GIVEN DATA Block Start

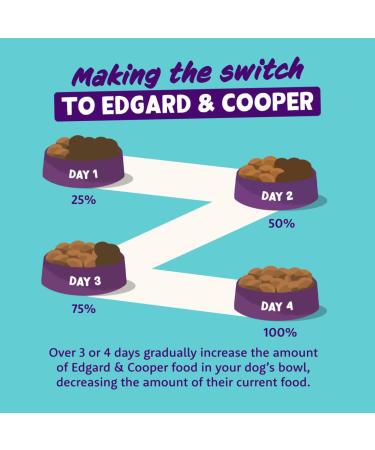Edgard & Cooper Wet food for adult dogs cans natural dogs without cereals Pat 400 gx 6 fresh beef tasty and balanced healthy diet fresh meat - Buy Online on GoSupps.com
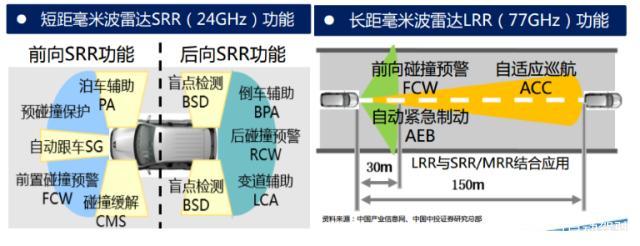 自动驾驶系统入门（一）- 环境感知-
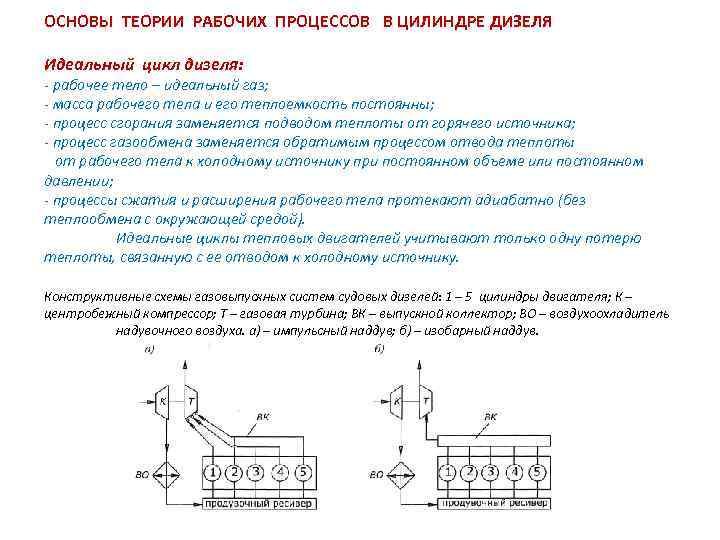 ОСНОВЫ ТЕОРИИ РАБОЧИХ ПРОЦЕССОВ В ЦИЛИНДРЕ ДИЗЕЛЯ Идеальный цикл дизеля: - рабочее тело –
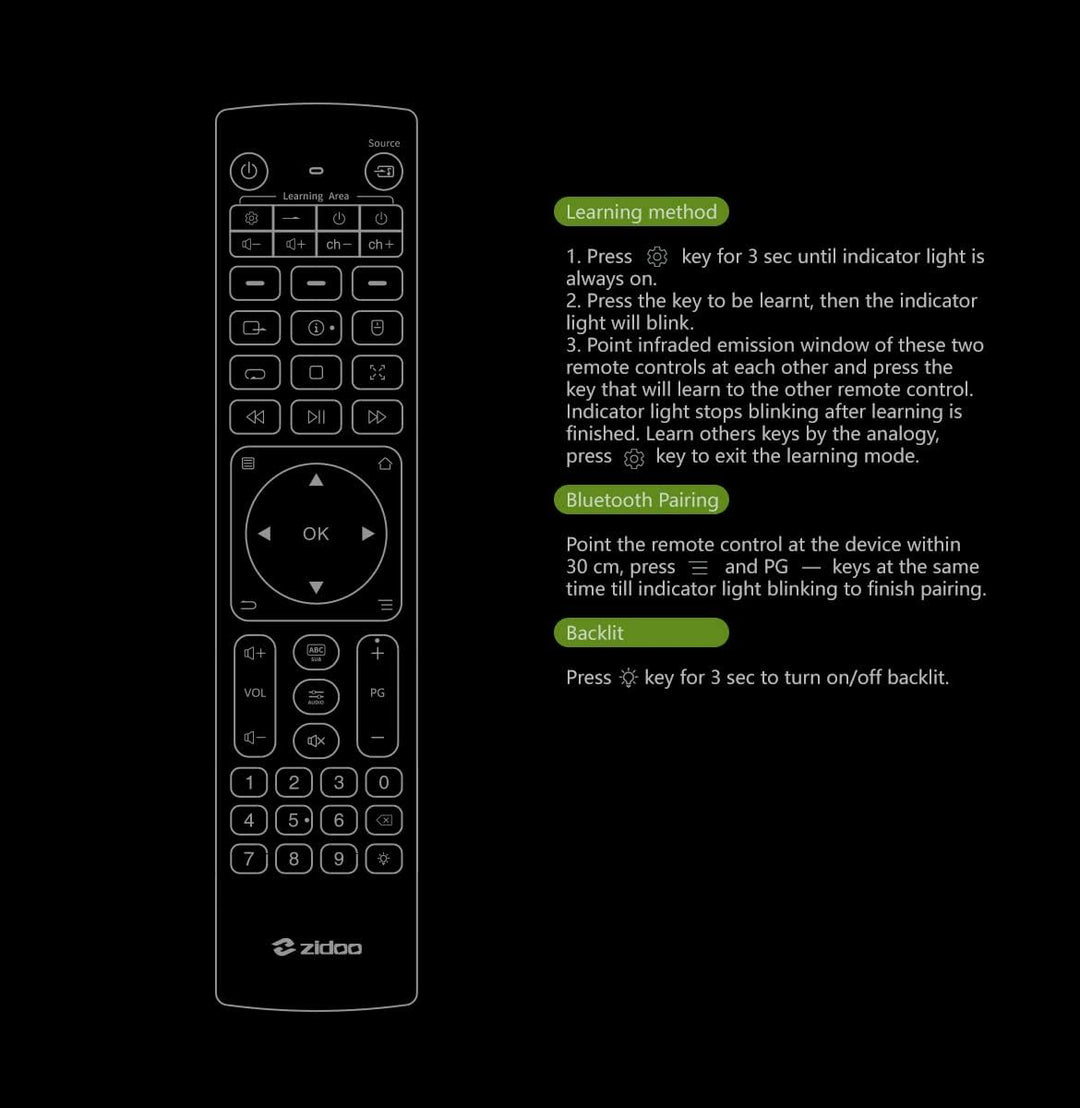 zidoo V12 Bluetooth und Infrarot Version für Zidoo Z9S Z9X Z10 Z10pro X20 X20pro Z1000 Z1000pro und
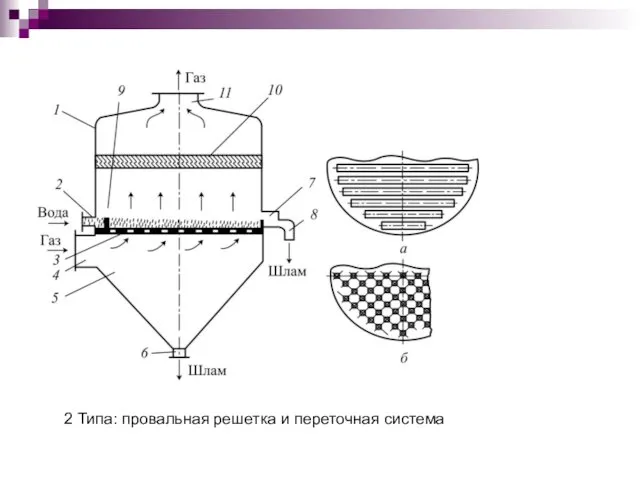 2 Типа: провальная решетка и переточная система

GIVEN DATA Block End

ACTIVITY: The records above are to be transcribed exactly, with every picture left out.

FINISHED TASK:
Edgard & Cooper Wet food for adult dogs cans natural dogs without cereals Pat 400 gx 6 fresh beef tasty and balanced healthy diet fresh meat - Buy Online on GoSupps.com
 自动驾驶系统入门（一）- 环境感知-
 ОСНОВЫ ТЕОРИИ РАБОЧИХ ПРОЦЕССОВ В ЦИЛИНДРЕ ДИЗЕЛЯ Идеальный цикл дизеля: - рабочее тело –
 zidoo V12 Bluetooth und Infrarot Version für Zidoo Z9S Z9X Z10 Z10pro X20 X20pro Z1000 Z1000pro und
 2 Типа: провальная решетка и переточная система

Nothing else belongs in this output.